Keistimewaan lain adalah cara memasaknya, bahan bakarnya harus menggunakan kayu bakar. Karena apabila menggunakan kompor minyak maka rasa dari masakan pun akan berbeda, kurang sedap tentunya. Apabila nasi telah masak, kemudian diaduk-aduk sambil dikipasin menggunakan ilir (kipas yang terbuat dari anyaman bilah bambu) hingga adem merata (diakeul).

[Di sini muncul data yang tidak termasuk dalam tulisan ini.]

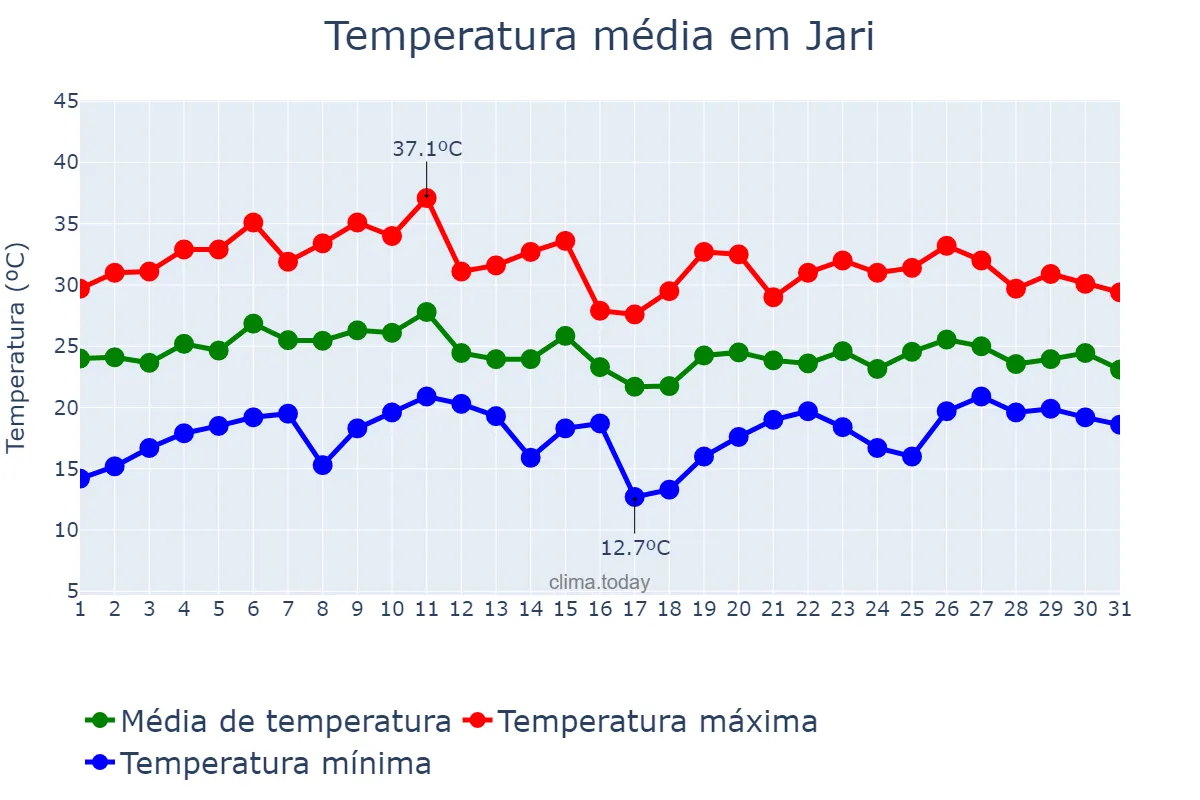 Temperatura em janeiro em Jari, RS, BR
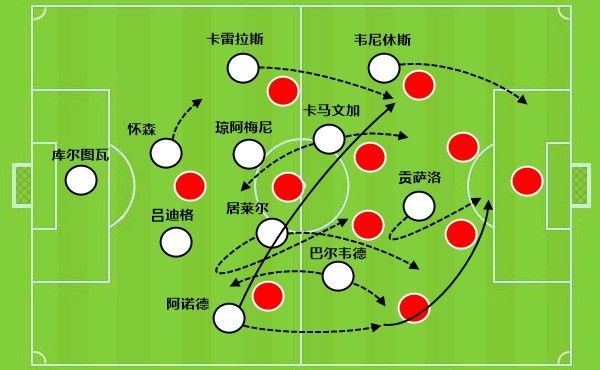 世界杯高清直播入口-比速度，穆里尼奥真不怕你！皇马想赢有两招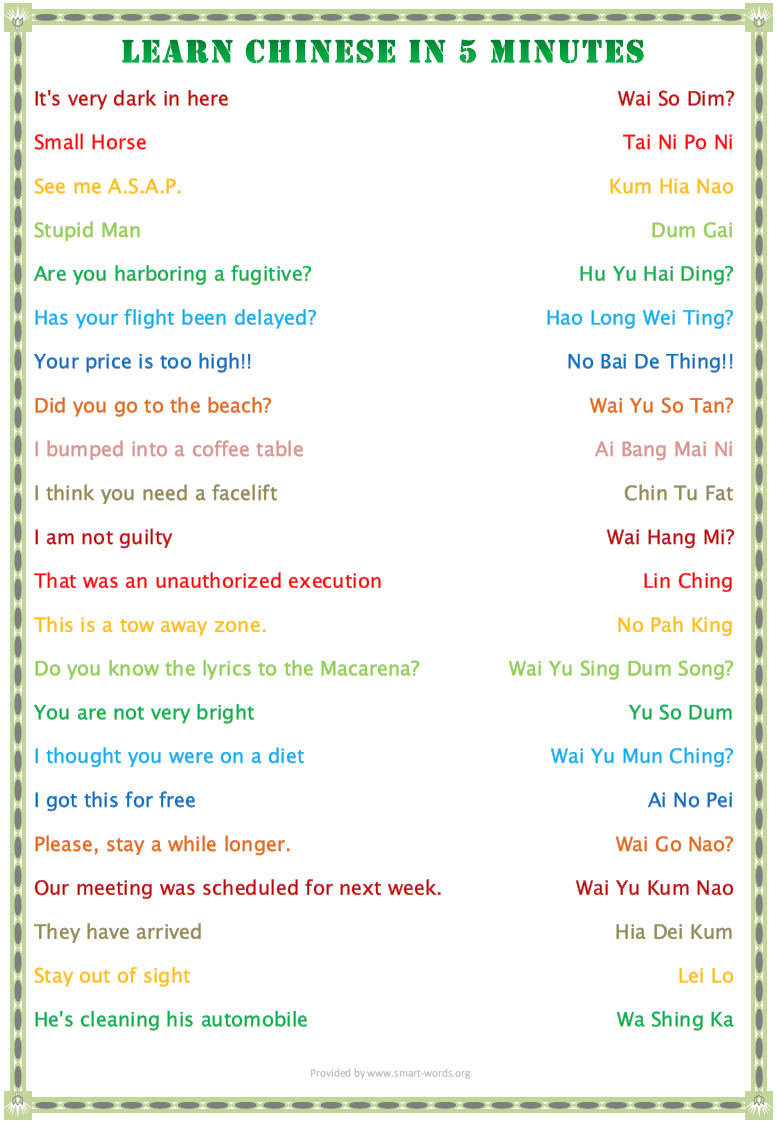 Learn chinese in five minutes - English ⇔ Chinese Translation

Saat ini bisa dipastikan hampir setiap wisatawan yang datang berkunjung ke kota Cirebon selain manikmati obyek wisata yang ada di kota Cirebon , mereka juga mampir untuk menikmati sega jamblang. Bahkan yang dirasa cukup mengkhawatirkan ada gejala para pengunjung hanya datang untuk menikmati kuliner (sega jamblang) saja tanpa meninjau obyek-obyek wisata yang ada, setelah itu mereka kembali ke asalnya. Kuliner Cirebon sebenarnya tidak hanya sega jamblang, tetapi masih banyak yang lain , seperti ; empal gentong, nasi lengko, tahu gejrot, docang, sate kalong, mie koclok, dan lain-lain, tetapi dari semuanya yang selalu menjadi tujuan utama adalah sega jamblang. Sega jamblang sudah menjadi Icon kuliner bagi pengembangan pariwisata di kota Cirebon.

 

 

C.    PENUTUP

 

Sebagai icon kuliner kota Cirebon, sega jamblang ternyata memiliki sejarah yang cukup panjang, sehinggga wajarlah kalau saat ini sega jamblang di kenal oleh banyak orang, tidak saja warga kota Cirebon dan sekitarnya, tetapi juga para pengunjung dari berbagai kota yang datang ke kota Cirebon selalu mencari keberadaan sega jamblang. Beberapa informasi yang berkembang terkait awal mula keberadaan sega jamblang , dari sejak Jaman Perang Kedondong pada tahun (1753 – 1773), saat Pembangunan Jalan Anyer – Panarukan Oleh Daendels (1809 – 1810) atau saat pendirian Pabrik Gula pada tahun (1847), sangat sulit untuk dibuktikan karena tidak adanya dokumen tertulis yang ditemukan. Informasi yang berkembang sebatas informasi lisan dan ingatan kolektif masyarakat Cirebon yang diceritakan secara turun temurun. Yang perlu dijaga dan dilakukan saat ini adalah bagaimana agar Sega Jamblang sebagai icon kuliner kota Cirebon dapat menjadi daya tarik/magnet dan pemicu bagi pengembangan pariwisata kota Cirebon.

 

 DAFTAR PUSTAKA

 

  1. Atja (1986) : Carita Purwaka Caruban Nagari ; Karya Sastra Sebagai Sumber Pengetahuan Sejarah. Proyek Pengembangan Permuseuman Jawa Barat, Bandung, Indonesia.
  2. Prawiraredja, sugianto, mohammed.(2005) : CIREBON ; Falsafah, Tradisi dan Adat Budaya. Perum Percetakan Negara RI.
  3. Ki Kampah (2013) : Babad Cirebon Carub Kandha Naskah Tangkil. Ed.1 Deepublish, Yogyakarta.
  4. Judisseno, Rimsky K.(2017) : Aktivitas dan Kompleksitas Kepariwisataan : Suatu Tinjauan Tentang Kebijakan Pengembangan Kepariwisataan. PT.Gramedia Pustaka Utama, Anggota IKAPI, Jakarta.
  5. Antariksa, Basuki.(2018) : Kebijakan Pembangunan Sadar Wisata : Menuju Daya Saing Kepariwisataa Berkelanjutan. Intrans Publishing, Anggota IKAPI, Malang, Jawa Timur.